La mascarilla te enfrenta a tu propio aliento de una manera salvaje, en muchos casos dramática.
Más encima, la mascarilla y el aliento unidos empañan los lentes. Hay buenos trucos, como lavarlos previamente con jabón, lo que en cierta medida bloquea el efecto vaporización, pero a la larga se empañan igual. Hace una semana o dos –imposible saberlo bien– salí a caminar y lo que vi fue una ciudad enrarecida y fantasmagórica porque mis anteojos se empañaron desde que salí de la casa y si me los quitaba en vez de empañado veía borroso, y si me los ponía en vez de borroso, empañado, y entre lo borroso y lo empañado vislumbraba motos y bicicletas apertrechadas con grandes y fluorescentes bolsones de reparto de comida y de fondo sonoro los motores de micros y motos y el acento inconfundiblemente no chileno de la mayoría de esos repartidores que desde Caracas, Maracaibo, Bogotá o Antioquia trajeron nuevo y libidinoso aliento al refunfuñado castellano local.
La mascarilla y el aliento empañan los lentes. Y al salir o ves empañado o ves borroso.

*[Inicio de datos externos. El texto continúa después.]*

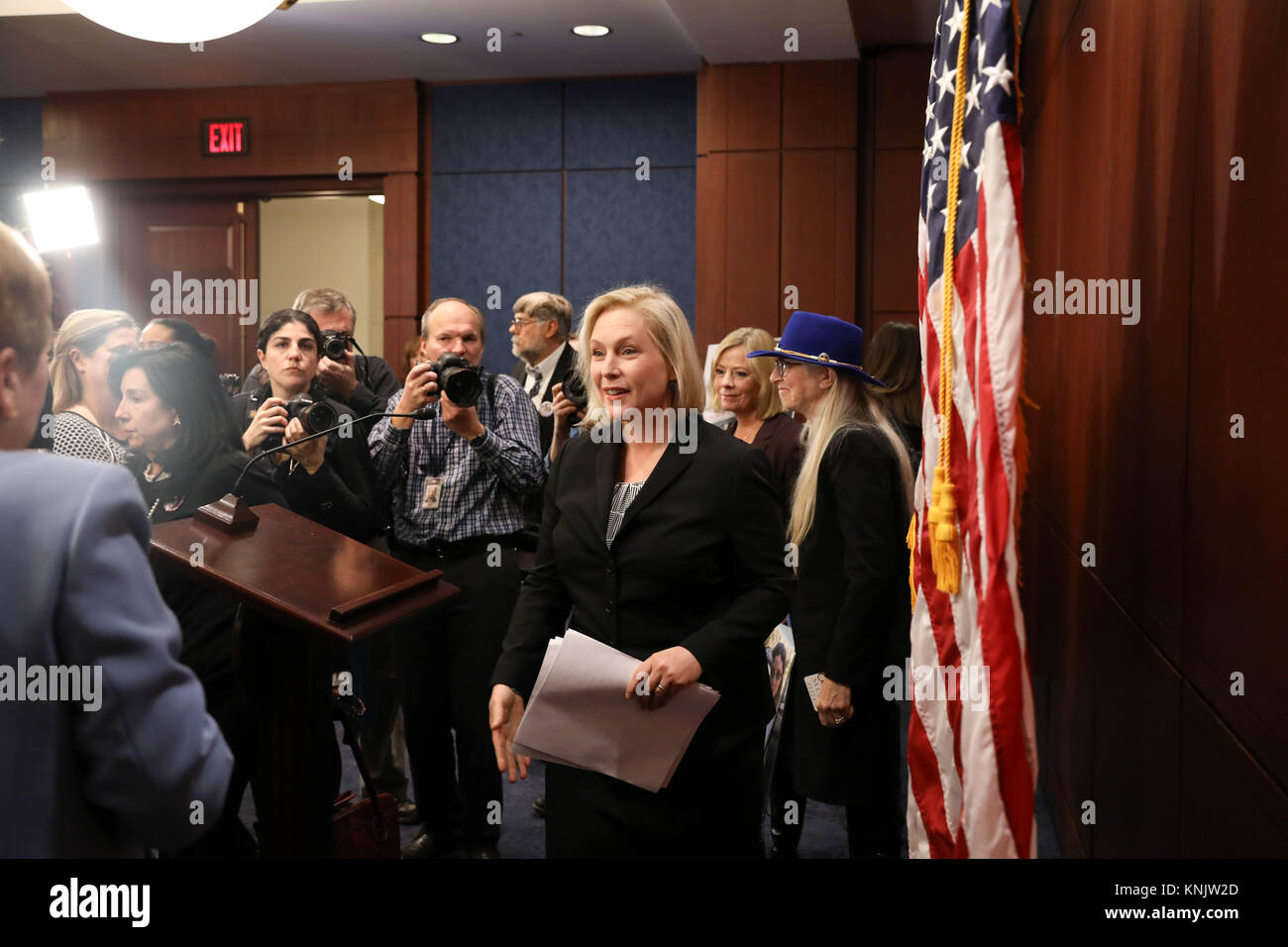 Washington, United States. Dec 12, 2017. Le sénateur américain Kirsten Gillibrand de New York tient une conférence de presse sur la colline du Capitole, le 12 décembre 2017 à Washington, DC. Le président Donald Trump a attaqué Gillibrand dans une diatribe sexiste Twitter après qu'elle lui a demandé de démissionner après les nombreuses allégations de harcèlement sexuel contre lui. Credit : Planetpix/Alamy Live News Banque D'Images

Decía que estos tiempos lo enfrentan despiadadamente a uno con uno mismo partiendo por el aliento: olerse a uno tanto rato seguido cada vez que se debe salir supone una experiencia fuerte, en muchos casos dramática: de partida porque nadie, ni los más amantes de los amantes, ni los más desprolijos dentistas, respiran a nadie sin pausa durante horas y horas. Y cuando algo parecido a eso sucede es a otro a quien se inhala, nunca a uno mismo, ni siquiera en casos del más rudo hipo o reflujo. Y olerse a uno, pasada la primera incomodidad o asfixia y un posterior deleite inconfesable, deviene una experiencia de asombro casi hipnótico, como si de una sesión de avanzada meditación o sicoanálisis se tratase, aunque más bien cabría hablar de fisio-análisis, un encuentro con lo que más verdaderamente somos, lo orgánico, el vaho de nuestros órganos y glándulas y tripas y sangre y material intestinal y gases varios. Y vérnoslas con eso día tras día y en dosis sostenidas y espesas es un buen modo de captar lo que el mundo está viviendo, enfrentándose el planeta a sí mismo, debiendo oler su podredumbre, que en el fondo somos nosotros, la hediondez de su cuerpo excedido, envejecido, maltratado.